*YOUR OBJECTIVE*: Beginning with the line that contains "Aeryn Shirt in Navy with Multi Floral fabric" and ending with the line that contains "Kiosque de légumes", reproduce the lines of the entries below exactly, omitting pictures.

*DATA IN THIS EXERCISE*:
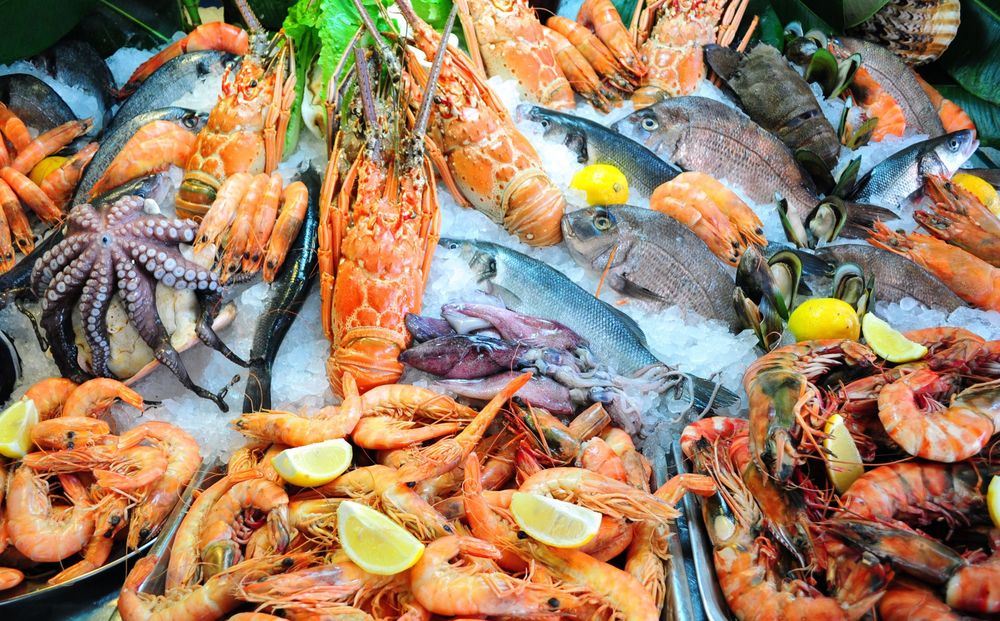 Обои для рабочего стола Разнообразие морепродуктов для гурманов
--
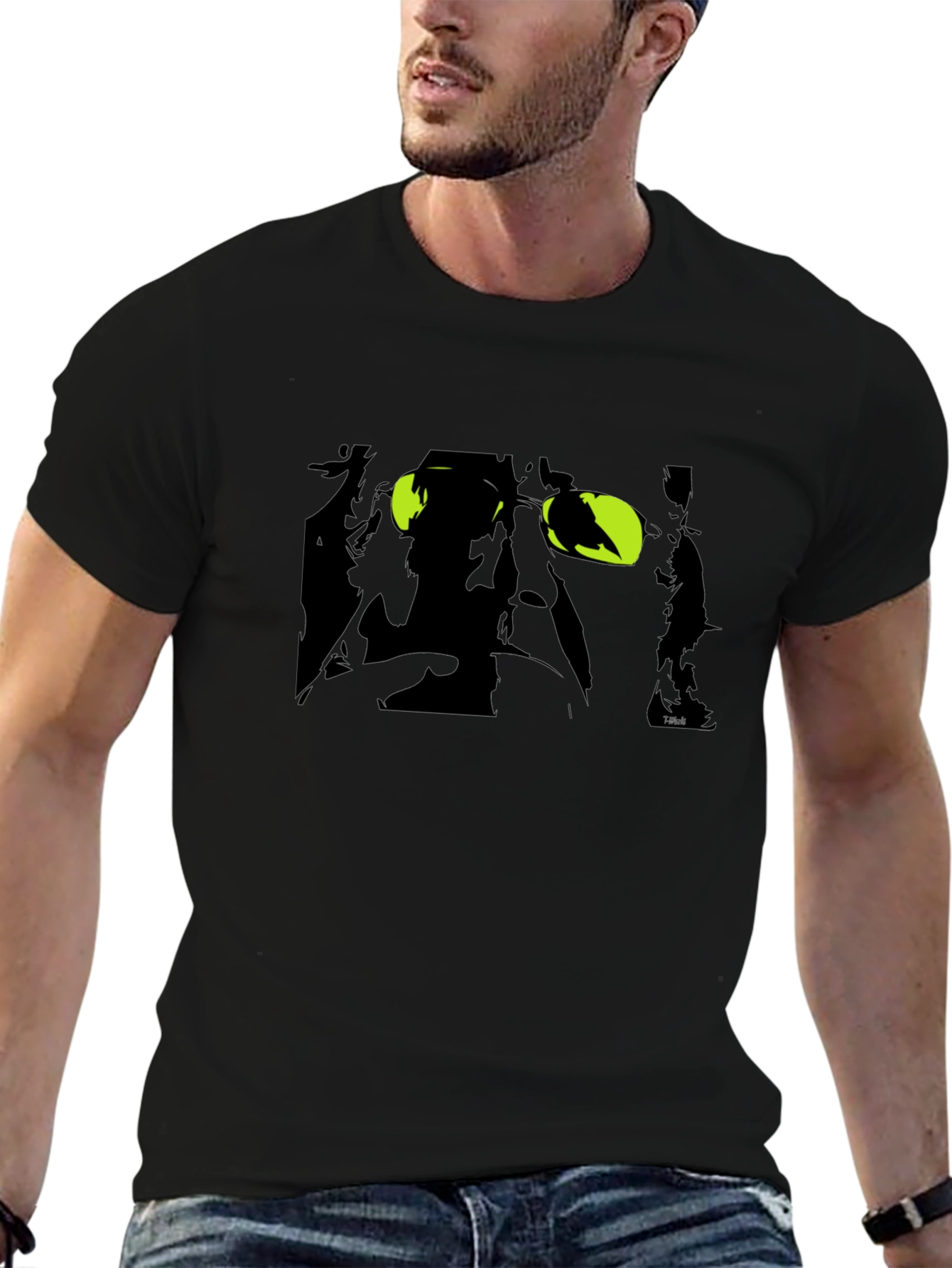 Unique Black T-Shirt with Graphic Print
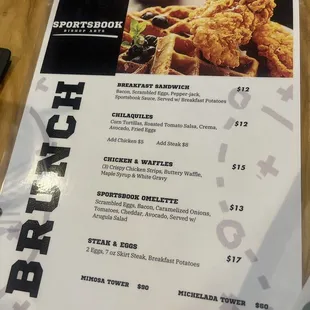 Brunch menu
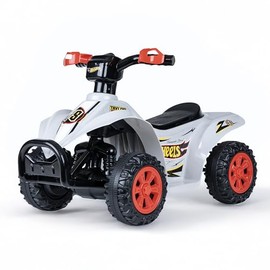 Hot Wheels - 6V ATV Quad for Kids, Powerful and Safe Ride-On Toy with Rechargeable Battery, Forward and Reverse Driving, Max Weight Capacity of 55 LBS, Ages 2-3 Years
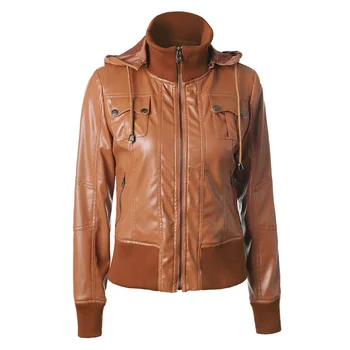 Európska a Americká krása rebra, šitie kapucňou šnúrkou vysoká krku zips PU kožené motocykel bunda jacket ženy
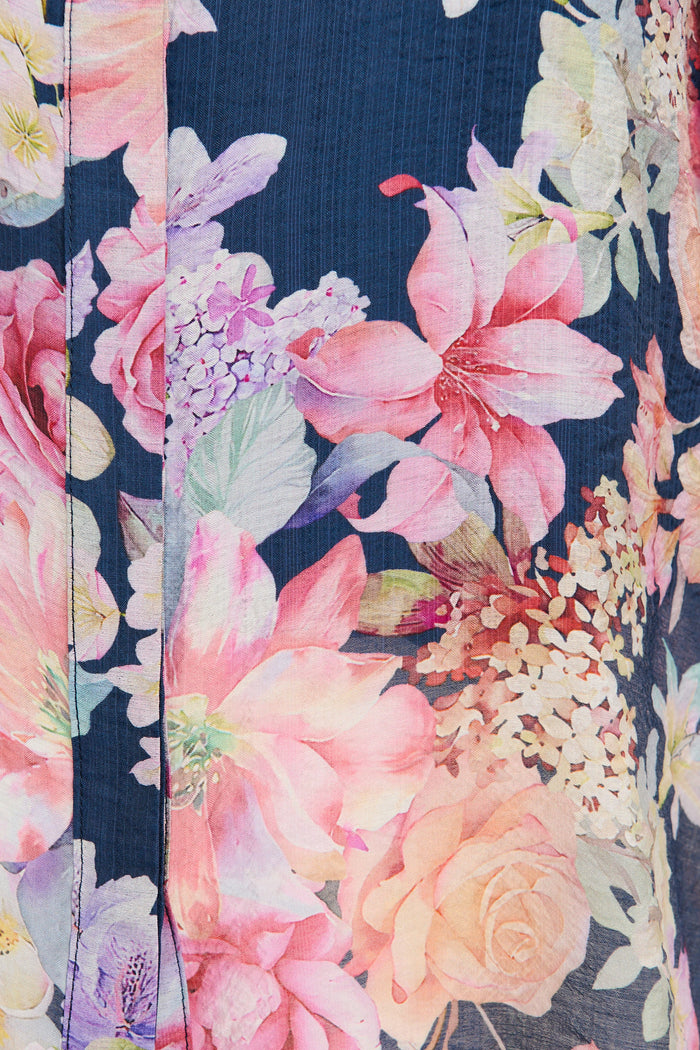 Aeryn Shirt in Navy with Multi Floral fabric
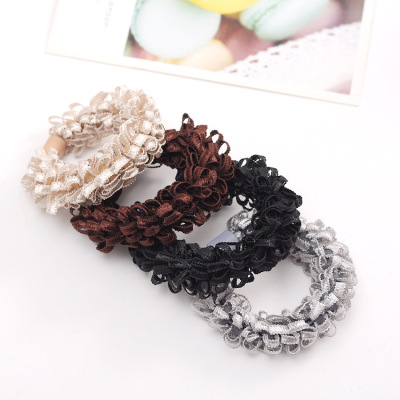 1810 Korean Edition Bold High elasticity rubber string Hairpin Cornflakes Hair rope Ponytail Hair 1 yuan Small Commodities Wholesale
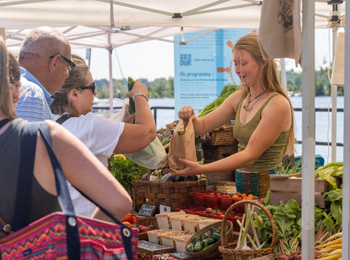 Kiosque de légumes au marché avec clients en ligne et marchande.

*WORKED SOLUTION*:
 Aeryn Shirt in Navy with Multi Floral fabric
 1810 Korean Edition Bold High elasticity rubber string Hairpin Cornflakes Hair rope Ponytail Hair 1 yuan Small Commodities Wholesale
 Kiosque de légumes au marché avec clients en ligne et marchande.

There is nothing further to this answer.